▶ **Records for processing**
☆ ☆ ☆ ☆

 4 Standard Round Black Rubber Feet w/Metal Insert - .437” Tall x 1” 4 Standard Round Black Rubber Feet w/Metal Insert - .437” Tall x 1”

☆ ☆ ☆ ☆

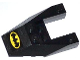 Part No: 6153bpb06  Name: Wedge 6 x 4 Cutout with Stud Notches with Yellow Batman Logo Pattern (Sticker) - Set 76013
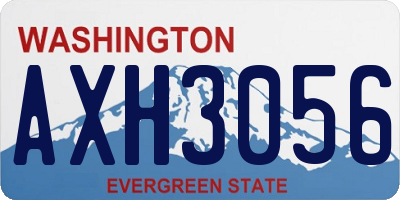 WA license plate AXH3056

☆ ☆ ☆ ☆

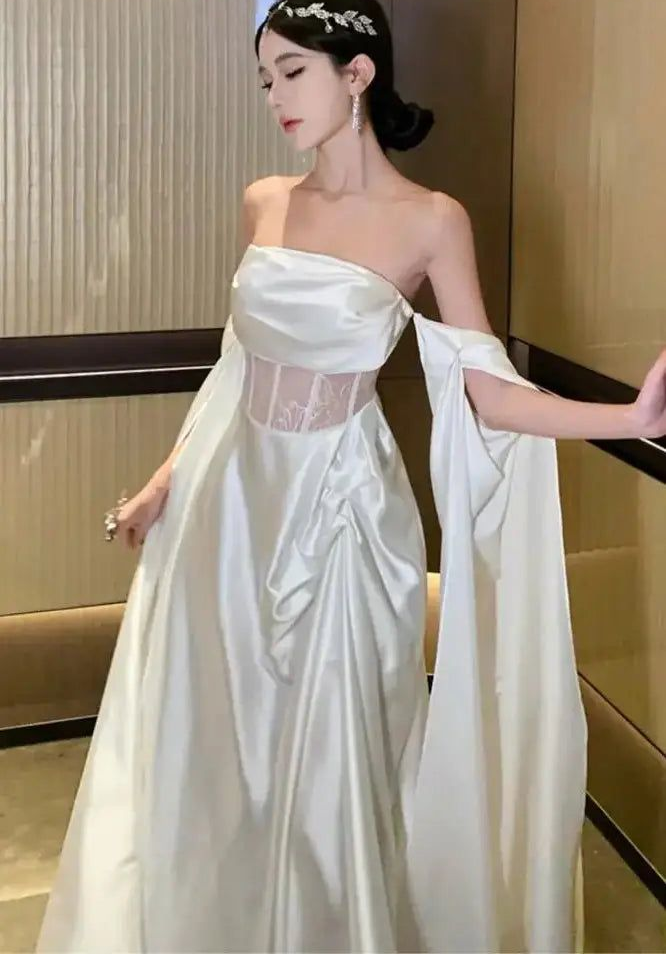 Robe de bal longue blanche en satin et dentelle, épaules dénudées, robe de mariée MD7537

☆ ☆ ☆ ☆

▶ **Directions**
Beginning with the line that contains "Part No: 6153bpb06", write out the lines of the material above exactly, and end with the line that contains "WA license plate AXH3056". Omit the pictures.

▶ **Written reply**
 Part No: 6153bpb06  Name: Wedge 6 x 4 Cutout with Stud Notches with Yellow Batman Logo Pattern (Sticker) - Set 76013
 WA license plate AXH3056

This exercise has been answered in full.